From there Arrowsmith begins a career that hits all of the ethical quandaries that scientists and those in the medical profession encounter: everything from the ethical problem of research protocol strictness versus saving lives, to doing research for the betterment of mankind versus for turning a profit, to the politics of institutions, to the social problems of wealth and poverty. Arrowsmith struggles with these dilemmas because, like all of us, he isn’t perfect. Despite his interest in helping humanity, he has little interest in people—aside from his serial womanizing—and this makes the path of his career an even harder one to walk. He’s surrounded on all sides by icons of nobility, icons of pride, and icons of rapaciousness, each one distracting him from his calling.
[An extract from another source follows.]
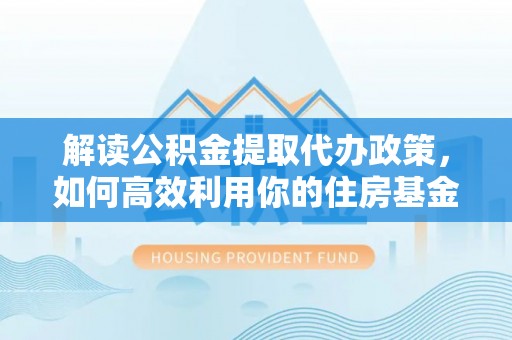 柘城解读公积金提取代办政策，如何高效利用你的住房基金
Though the book isn’t strictly a satire, few escape Lewis’s biting pen. He skewers everyone indiscriminately: small-town rubes, big-city blowhards, aspiring politicians, doctors of both the noble and greedy variety, hapless ivory-towered researchers, holier-than-thou neighbors, tedious gilded-age socialites, and even lazy and backwards islanders. In some ways, Arrowsmith rivals Main Street in its often-bleak view of human nature—though unlike Main Street, the good to humanity that science offers is an ultimate light at the end of the tunnel.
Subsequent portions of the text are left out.